--- Scraped caption text data ---
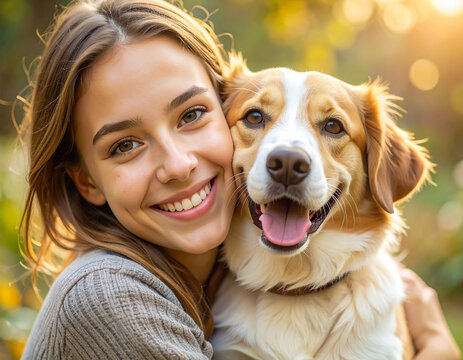 Mujer joven sonriente abrazando a su perro feliz, rcon emoci&oacute;n, conexi&oacute;n y cari&ntilde;o entre persona y mascota para campa&ntilde;as de bienestar, cuidado animal, seguros y adopci&oacute;n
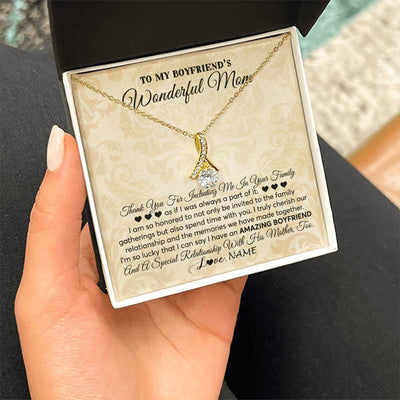 Alluring Beauty Necklace 18K Yellow Gold Finish | 2 | Personalized To My Boyfriend's Mom Necklace Thank You Including Me In Your Family Mother In Law Mothers Day Christmas Jewelry Customized Gift Box Message Card | teecentury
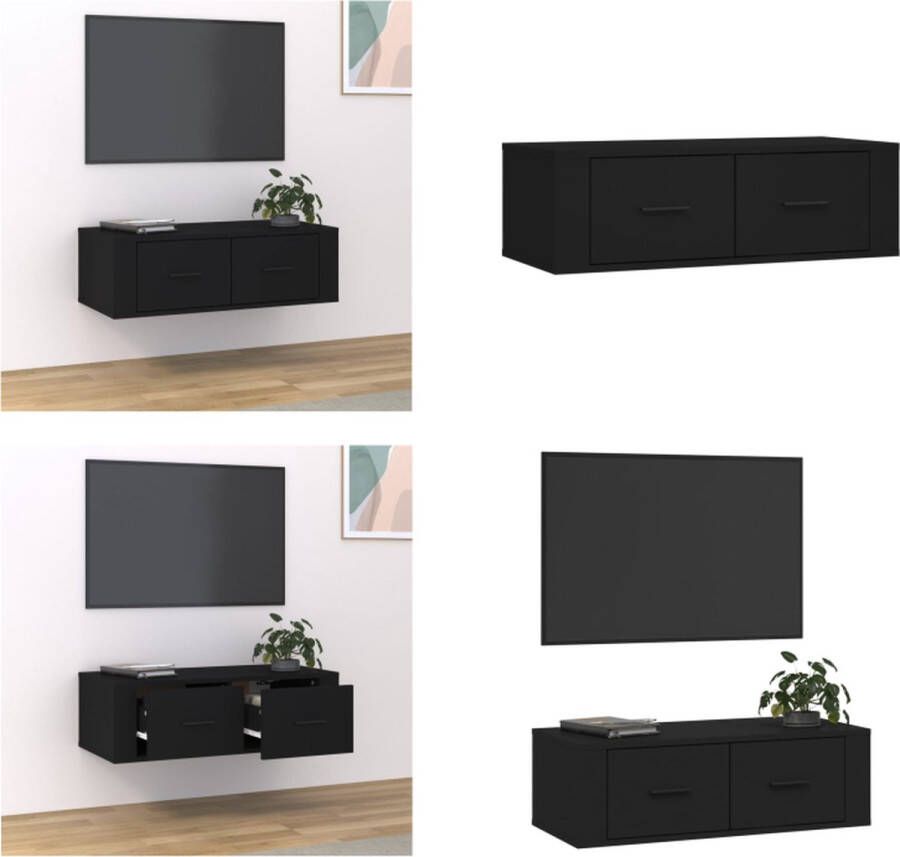 VidaXL Tv-hangmeubel 80x36x25 cm bewerkt hout zwart Tv-kast Tv-kasten Tv-meubel Hifi-meubel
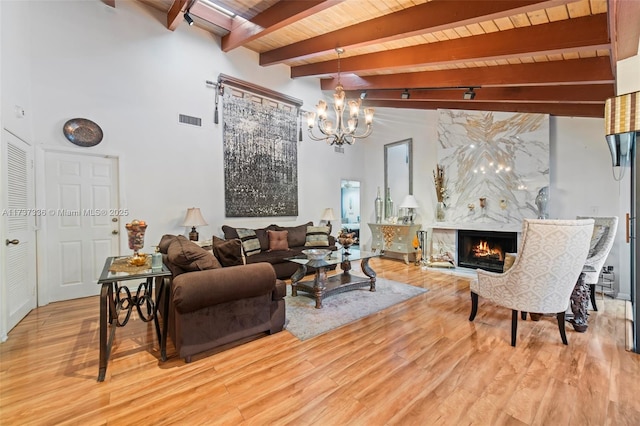 living room with a fireplace, a chandelier, hardwood / wood-style flooring, wooden ceiling, and beam ceiling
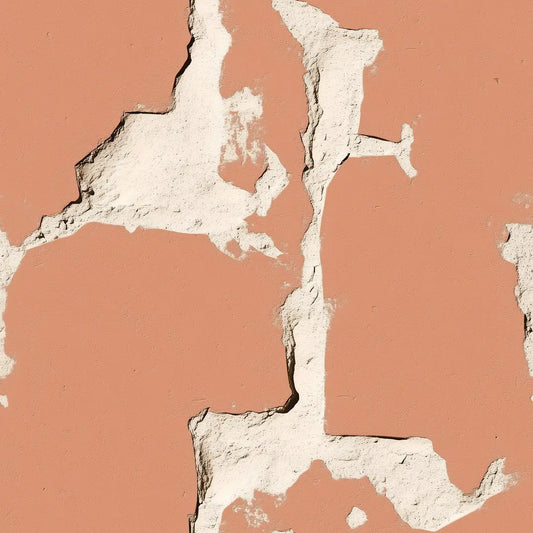 Strukturtapete Terrakotta Vintage Detailansicht – Terrakotta-Orange, Hellgrau, Cremeweiss, Dunkelgrau, selbstklebend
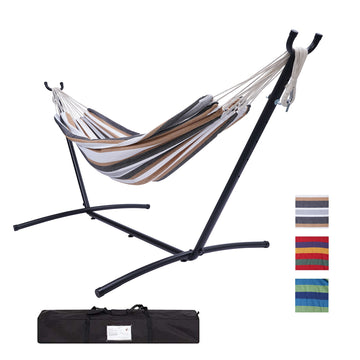 Outdoor Free Standing Classic Colorful Hammock with Stand，Brown/Gray Striped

--- Work required ---
Starting at the line that contains "living room with", output every line through the end of the data, both ends included, and nothing else; pictures stay out.

--- Reply ---
 living room with a fireplace, a chandelier, hardwood / wood-style flooring, wooden ceiling, and beam ceiling
 Strukturtapete Terrakotta Vintage Detailansicht – Terrakotta-Orange, Hellgrau, Cremeweiss, Dunkelgrau, selbstklebend
 Outdoor Free Standing Classic Colorful Hammock with Stand，Brown/Gray Striped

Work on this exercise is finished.